Unrelated incidents can have consequences. On Monday, Paris Saint-Germain appointed Thomas Tuchel as their manager. On the same day, Roberto Mancini was confirmed as the Italy manager.
Perhaps soon, Mikel Arteta will get the Arsenal job, meaning Massimiliano Allegri will stay at Juventus.
It is a managerial version of musical chairs that could leave one man standing: Antonio Conte.
One of the world’s elite managers faces the prospect of being unemployed next season. If he had an escape strategy from Stamford Bridge, routes are being blocked by his peers, taking – or, in Allegri’s case, remaining in – the posts he was tipped to fill.
Meanwhile, Conte’s reign at Chelsea appears likely to end after Saturday's FA Cup final. He has a year remaining on his contract, but a fractious season of underachievement scarcely suggests he will complete it.
His compatriot Mancini may offer an unwanted precedent: his relationship with his employers and his players broke down as he failed to retain the title with Manchester City in 2013. He was dismissed after an FA Cup defeat.
Should another Italian exit in ignominious fashion, Chelsea’s most decorated manager may be satisfied. Conte was a rare man to take Jose Mourinho on at his own game, coining a memorable, derogatory soundbite last summer.
He warned of the dangers of a "Mourinho season", referencing Chelsea's slide to 16th place after their 2015 Premier League title win.
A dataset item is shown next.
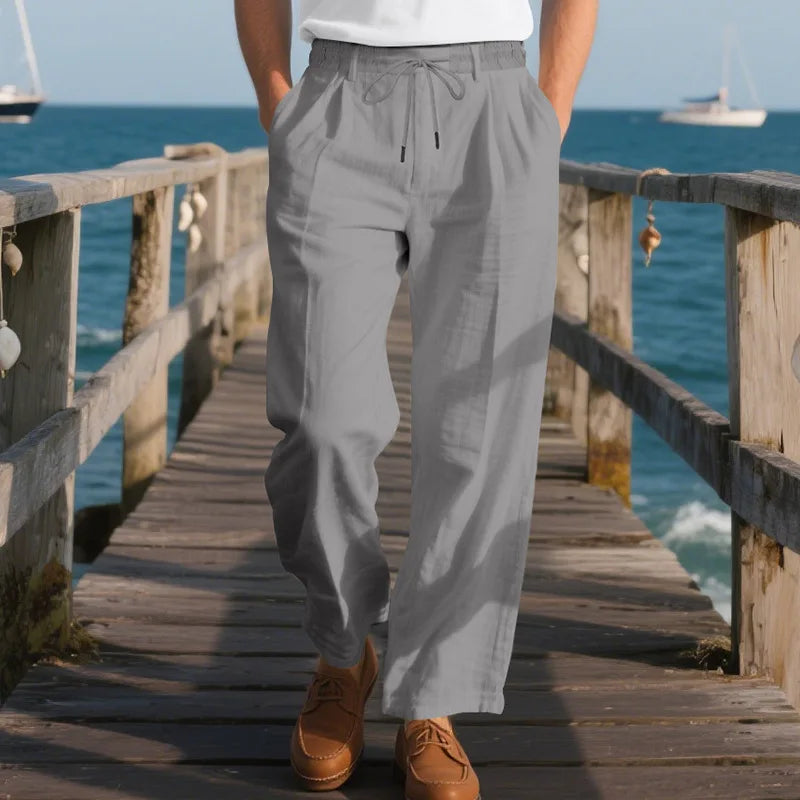 Men's Loose Casual Loose Straight Linen Naples Gurg Breathable Pants Men Clothing Trousers Traf Homme Pantalones Sweatpants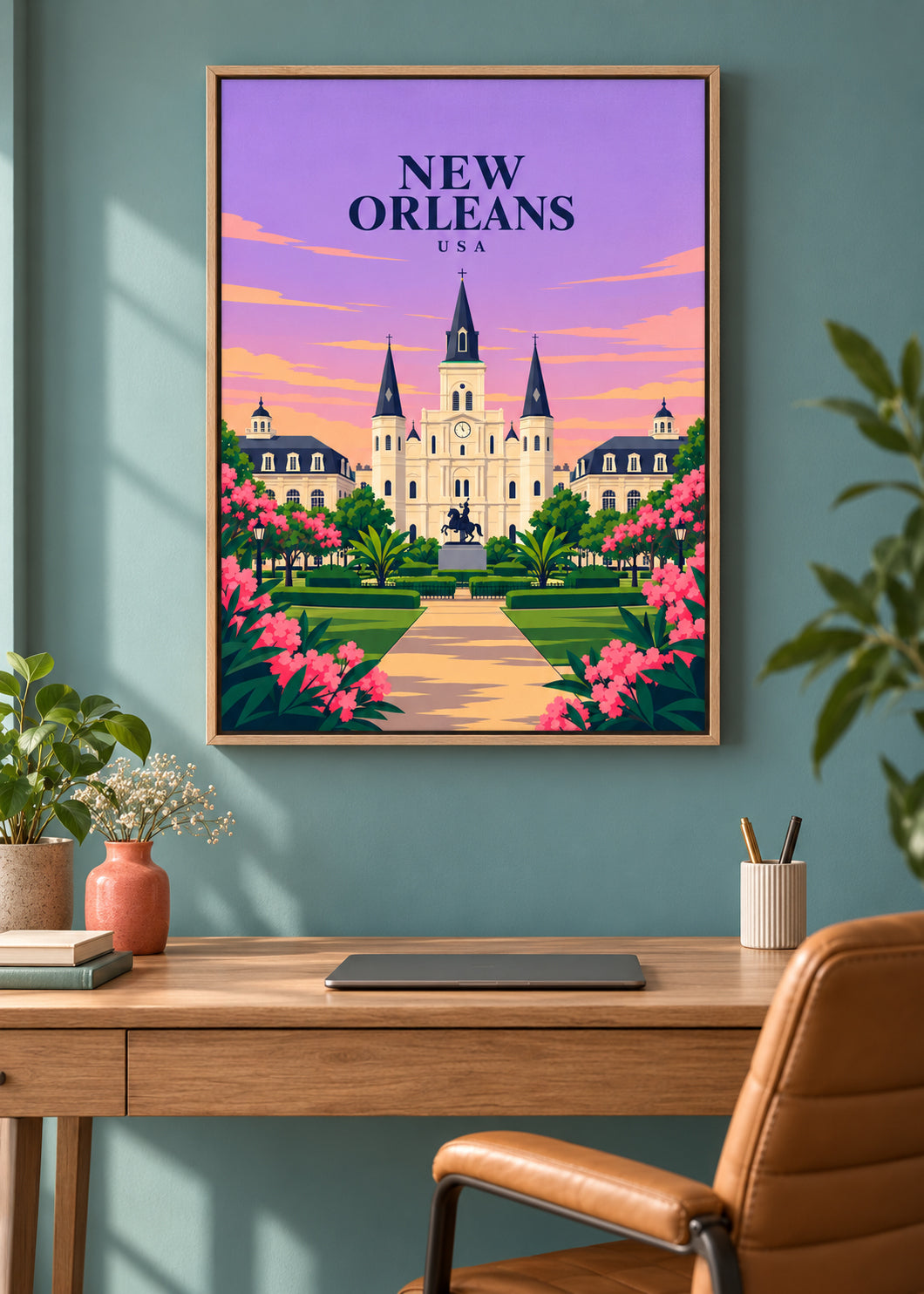 New Orleans – Leinwand mit Eichen-Schattenfugenrahmen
Given a track record Mourinho is increasingly fond of referencing – two Uefa Champions Leagues, eight league titles – it was a remarkable reinterpretation to make him a byword for failure.
Their exchanges have been vitriolic at times this season, especially when Conte suggested the older man had senile dementia, but the Portuguese is entitled to point out that, even without remaining champions, there are different types of Mourinho seasons.
In the third year of his first spell at Stamford Bridge, his side finished second and won both the 2007 FA and League Cups.
It is Mourinho's only FA Cup, but he has been a League Cup specialist. It is an area where their CVs differ dramatically. Conte has never won a major knockout competition as a manager. He lost last season's FA Cup final, getting outwitted by Arsene Wenger as his side underperformed.
His side were beaten again by Arsenal, albeit on penalties, in August's Community Shield. It would have a certain symbolic value if his season was bookended by Wembley defeats. Certainly it has the feel of Conte's last stand.
The way his players performed – or did not – in Sunday's 3-0 loss at Newcastle United, abandoning all chance of a top-four finish, suggests he is increasingly isolated, a man whose leaving will not be mourned.
And yet Conte’s awkward sophomore year has nonetheless been notable for some significant triumphs in which he has been pivotal. Away wins at Tottenham Hotspur and Atletico Madrid were two, November’s 1-0 victory over Mourinho’s Manchester United another.
It featured the 3-5-1-1 formation Conte has adopted for major games, tinkering with his title-winning formula of 3-4-2-1. It was sealed by an Alvaro Morata goal.
However, Morata is likely to begin the reunion on the bench. The floundering fortunes of the £58 million (Dh288m) man indicate that, as the two clubs pursued the same strikers, United got the better deal in buying Romelu Lukaku.
Conte has lamented the loss of Nemanja Matic, who will anchor Mourinho’s midfield, while his Chelsea replacement Tiemoue Bakayoko has represented a major disappointment since his £40m move. Mourinho got more of his preferred recruits than Conte.
Transfers have formed the basis of many of the Italian’s gripes. Now it is hard to escape the feeling the next prominent departure from Stamford Bridge will be him. The difference is he has nowhere to go.
Yet if this is arrivederci - goodbye - after two seasons of dramatic progression and bad-tempered regression, it is with a chance to ensure this kind of "Conte season" ends on a high.